Was ist jetzt die Hauptursache für die Probleme des HSV? Der Trainer? Nein, das ist zu einfach. Ich wünsche ihnen, dass Bernd Hollerbach die optimale Lösung ist. Aber die Frage ist doch: Wie haben die in den letzten Jahren den Kader zusammen gebaut? Das ist doch das große Problem beim HSV. Und dann muss man jetzt auch mal die zur Rechenschaft ziehen, die dafür verantwortlich sind: Bruchhagen und Todt. Die dürfen sich auf keinen Fall hinter einer Trainer-Entlassung verstecken.

Es ist wirklich schwer zu verstehen. Die Stadt ist geil, das Stadion ist super, die Bedingen sind hervorragend, die Fans unglaublich.

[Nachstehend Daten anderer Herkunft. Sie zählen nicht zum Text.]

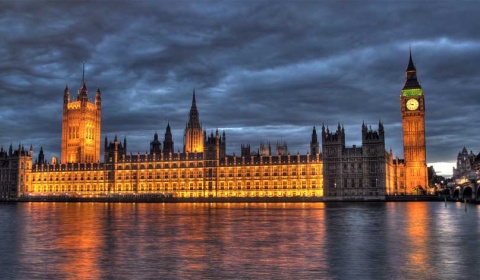 La Cámara de los Lores echa para atrás el proyecto de Brexit del gobierno May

Mit den Möglichkeiten, die sie haben, müsste der HSV eine Rolle spielen wie Borussia Mönchengladbach – mindestens.

Und der HSV hat mit Arp oder Waldschmidt sogar riesiges Potenzial für die Zukunft – aber er macht sich das leider Gottes mit so einer Saison wieder kaputt. Ob er absteigt oder nicht: Kaum ein Berater wird sagen: „Komm, wir unterschreiben hier für drei Jahre, dieser HSV verspricht eine tolle Zukunft.“ Stattdessen wird die ganze Last auf die Schultern der Jungen gelegt. Das ist Wahnsinn. Wie sollen sie sich da entwickeln? Und wo sind die gestandenen Spieler?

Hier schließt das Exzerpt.